Legally competent patients aged 12 and over
All patients aged 12 and over who are legally competent
have the right to access their medical file, request the erasure of
or a supplementation to their file. The care provider is not authorised
to give the parents of the patient, for instance, access to the file
unless the patient has given his permission. Other exceptions to the
granting of access to legal representatives can be found in the fact
sheet entitled Confidentiality
of your medical data [Geheimhouding van uw medische gegevens]. The right to request a correction of the medical file, as laid down in the Wbp, does apply to the legal representatives of patients under 16 years of age, but does not apply to these patients themselves.
Legally incompetent patients
Patients who are unable to make a reasonable assessment of their interests are represented by their legal representatives. This also applies to patients subject to a guardianship or mentorship. The legal representatives have the right to access the patient’s medical file, request the erasure of the patient’s file or request a supplementation to the patient’s file, unless this is not compatible with the care provided by a diligent care provider. The right to request correction of the file, as laid down in the Wbp, must also be exercised by the legal representatives.
If you have questions or complaints
If you feel that your care provider unjustly denied your
request, there are a number of options open to you.
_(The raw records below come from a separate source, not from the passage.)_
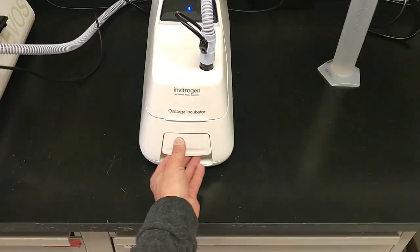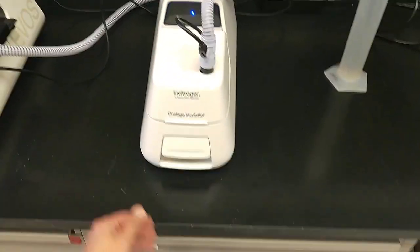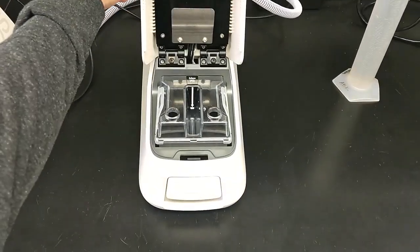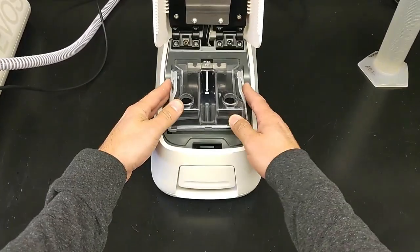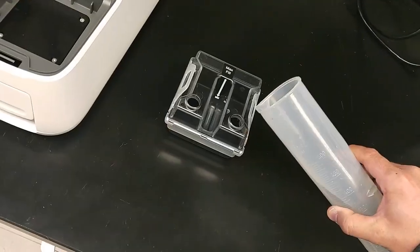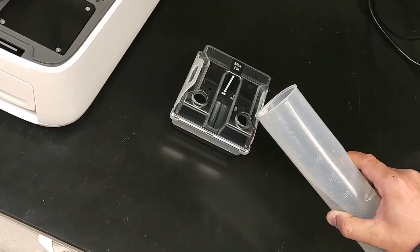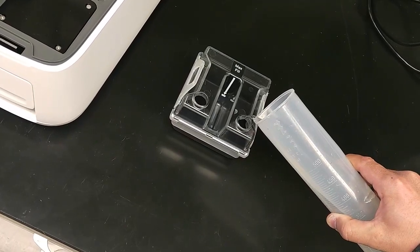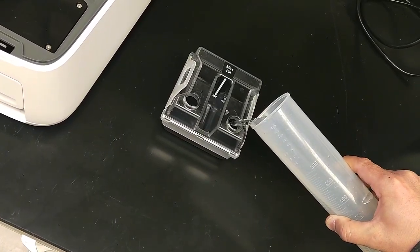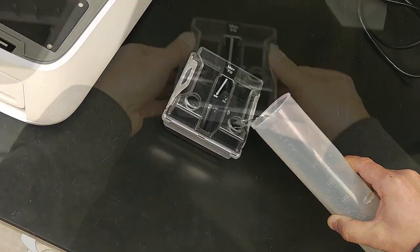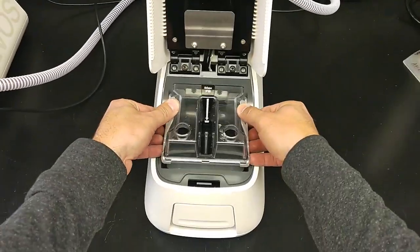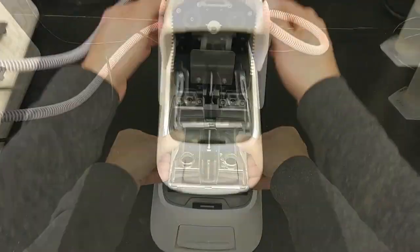Open the water reservoir door by pulling on the door release handle. Remove the water reservoir, add warm water approximately 50 degrees C to the max fill line through either fill hole. Replace the water reservoir and press the door closed.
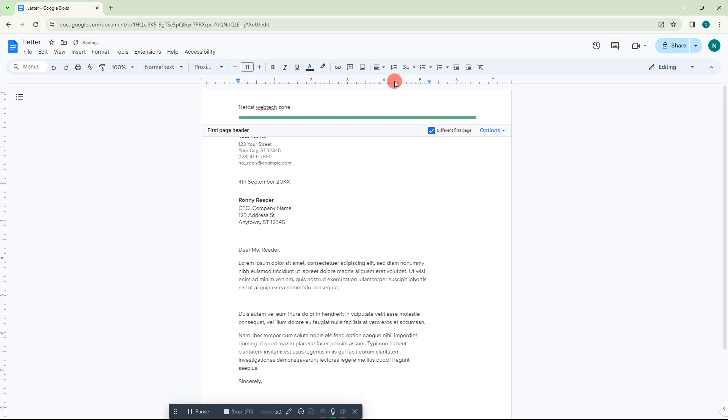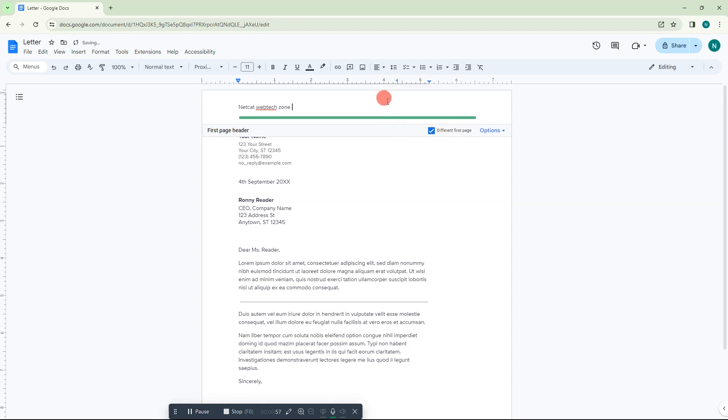Right-click on it and click on add right tab stop.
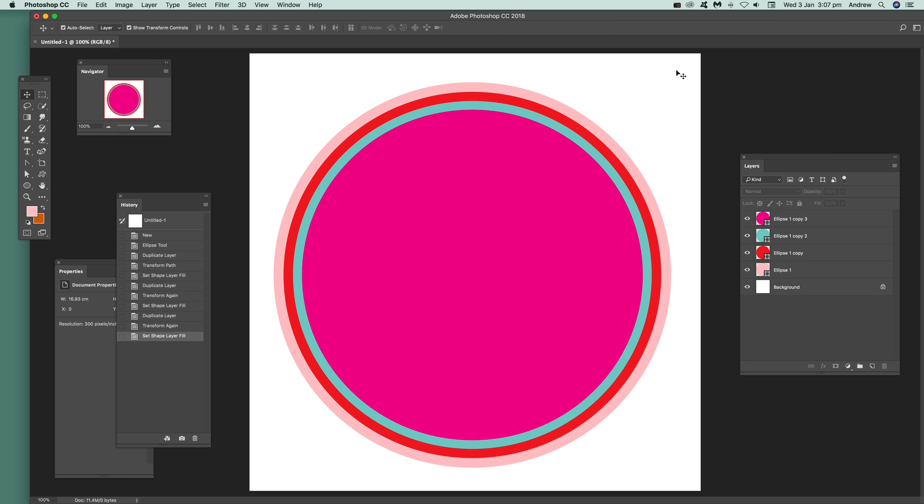Welcome to Video Tutorials by Andrew Buckle. In this tutorial, I'm going to show you how you can quickly create concentric circles in Photoshop using random colors.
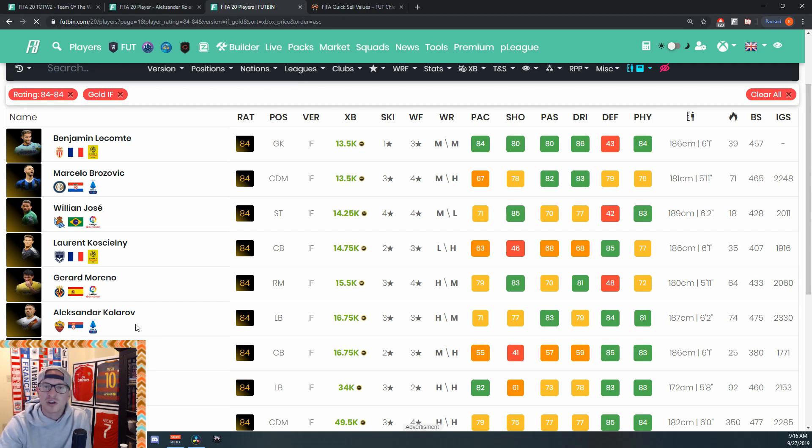So in terms of target buy and sell prices, I think a good target buy price for this week is 15K for him. I think that will be really manageable with all the Ones to Watch packs being opened this weekend, so you should be able to get them at that 15K price whether you're on Xbox, PS4, or PC.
First of all you should discuss your case with your
care provider. If you are not satisfied with the outcome
of this meeting or if you do not wish to discuss the
matter with your care provider, you can take a number
of further steps. Every care provider is obliged to
establish a complaints commission. In simple and clear
cases a complaint can also be handled by a complaints
functionary or confidential representative. You can
submit complaints about physicians, dentists, obstetricians/midwives,
pharmacists, nurses, physiotherapists, clinical psychologists
and psychotherapists to a regional Tuchtcollege voor
de gezondheidszorg [Disciplinary Board for the Healthcare
Sector]. Alternatively, you can submit a complaint
to the Officier van Justitie [Public Prosecutor]. For
advice and support you can contact
the Zorgbelangorganisatie in
your region by mail or by telephone on number 0900 2437070. [ There are 13 care
associations in the Netherlands, each active in its own region. They act on behalf
of those who need care in the region, give information and try to achieve the
highest quality in care. Zorgbelang Nederland is the sector organization of the
regional care associations.]
You can also submit your questions or
complaints about the handling of your medical data
to the Dutch Data Protection Authority (Dutch DPA).
Further information about mediation is available in
the fact sheet entitled Mediation
by the Dutch DPA in respect of your personal data [Bemiddeling
door het CBP inzake uw gegevens]. Further information about
the Dutch DPA’s
complaints procedure can be found in the fact sheet entitled Your
complaint and the Dutch DPA [Uw klacht en het CBP].